And there is some truth to the platitude, as there is to every platitude. Sometimes you do something so incredible, or have a product that’s so remarkable, that people are compelled to link to or share your content. It happens.
And I understand why Google would want to focus on this. Google’s search engine was built on PageRank, which is based on academic citations.
Why Do People Link?
Academics cite people whose research came before, in order to gain credibility for their own work. If you’re an academic writing a paper on Deconstruction and you don’t reference Derrida, people in the field are going to look at you like you’re loony, and they’ll throw your paper in the trash (if they pay any attention to it at all).
To think of Google as the cultural equivalent of this is to idealize the search engine in a way that I’m sure bodes well for Google’s public image.
But there’s another side of it that I’ve never heard search engines talk about. People link to websites organically for a number of reasons.

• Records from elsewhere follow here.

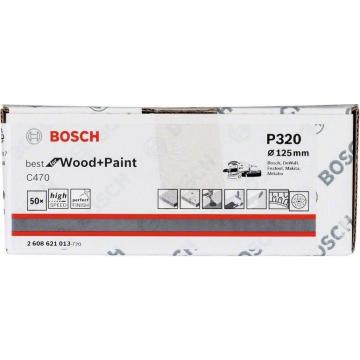 Диск на велюровой основе с отверстиями BOSCH 125 мм K 320 Best for Wood+Paint MULTIHOLE [2608621013] фото 2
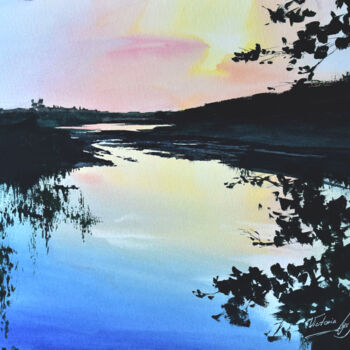 Painting titled "Reflection" by Victoria Lyashenko, Original Artwork, Watercolor
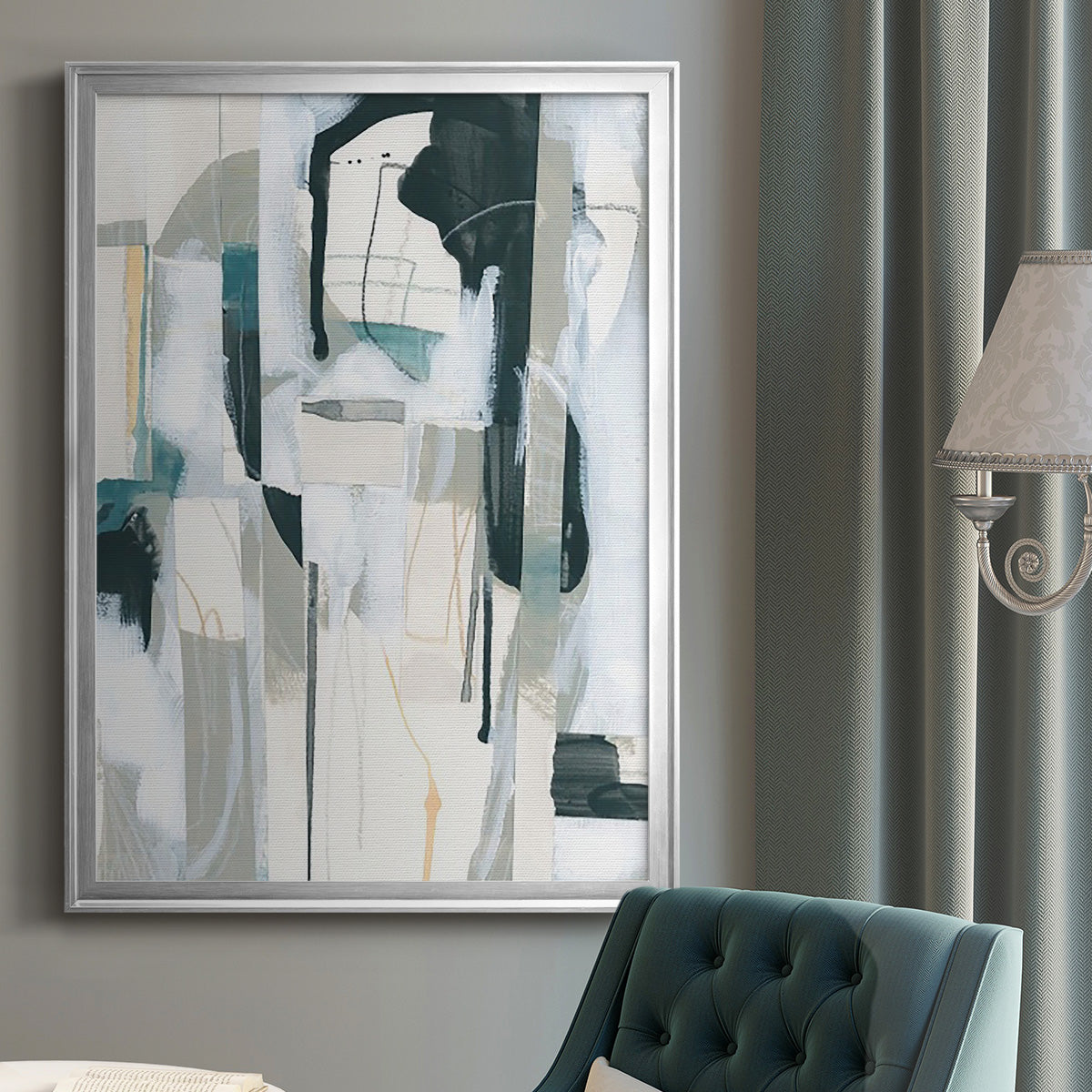 Sea Cavern Strata II - Modern Framed Canvas Print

Sometimes they’re just defining things, which would explain why Wikipedia, a place with no original content, is, ironically, the number one site in the world in terms of organic traffic.
Sometimes people who link reference a news story, regardless of the original source, which is one of the reasons CNET, Mashable and iBTimes outrank the Oscar Mayer site and the 360i site for “bacon scented alarm clock” — a product and ad campaign created by Oscar Mayer and its agency, 360i.